The novelist Marilynne Robinson, who always writes eloquently, writes eloquently of the innumerable connections between the Bible and other works of literature. Her writing appeared in the Christmas Day edition of the venerable New York Times Sunday Book Review.
It is a must read for anyone interested in the ways art and literature—consciously or not—take up biblical visions of life and reality, putting flesh on its bones, "the deepest impulse of our literature."
Or for anyone interested in the ways art and literature come to mean anything at all.
In reflecting on texts like Dante's Divine Comedy, Milton's Paradise Lost, and Melville's Moby Dick, Robinson writes:
Each of these works reflects a profound knowledge of Scripture and tradition on the part of the writer, the kind of knowledge found only among those who take them seriously enough to probe the deepest questions in their terms. These texts are not allegories, because in each case the writer has posed a problem within a universe of thought that is fully open to his questioning once its terms are granted. Here the use of biblical allusion is not symbolism or metaphor, which are both rhetorical techniques for enriching a narrative whose primary interest does not rest with the larger resonances of the Bible.

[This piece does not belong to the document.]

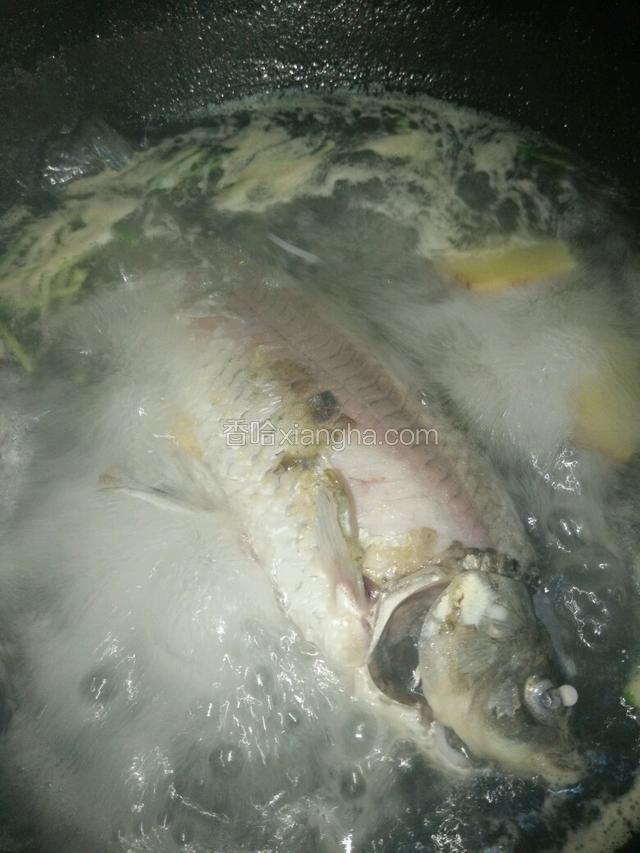 煎好后，锅内放开水，放入香葱姜片！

In fact these great texts resemble Socratic dialogues in that each venture presupposes that meaning can indeed be addressed within the constraints of the form and in its language, while the meaning to be discovered through this argument cannot be presupposed. Like paintings, they render meaning as beauty.
I love that last line. Of course, Dante, Milton, and Melville are obvious choices. What about the less obvious? What Robinson ultimately points us to is the "intertextuality" of art and literature, of all the ways texts "talk" to each other in an endless conversation.
Intertextuality refers to the reality that any given text's meaning is always understood in reference to other texts. And we form our own sense of a meaning of what we read within an ever-expanding web of textual (inter)relationships, within a dynamic spider's web of words.
And the Bible occupies such a centering role in the making of meaning because it has been read by so many, its marvelous ubiquity making it "the model for and subject of more art and thought than those of us who live within its influence...will ever know" (Robinson again).
And this is how the Bible is made and remade in culture, again and again. Which perhaps means that the Bible is not only a sacred text of literature but also its sacred inter-text, not only a "book of books" but a book in books.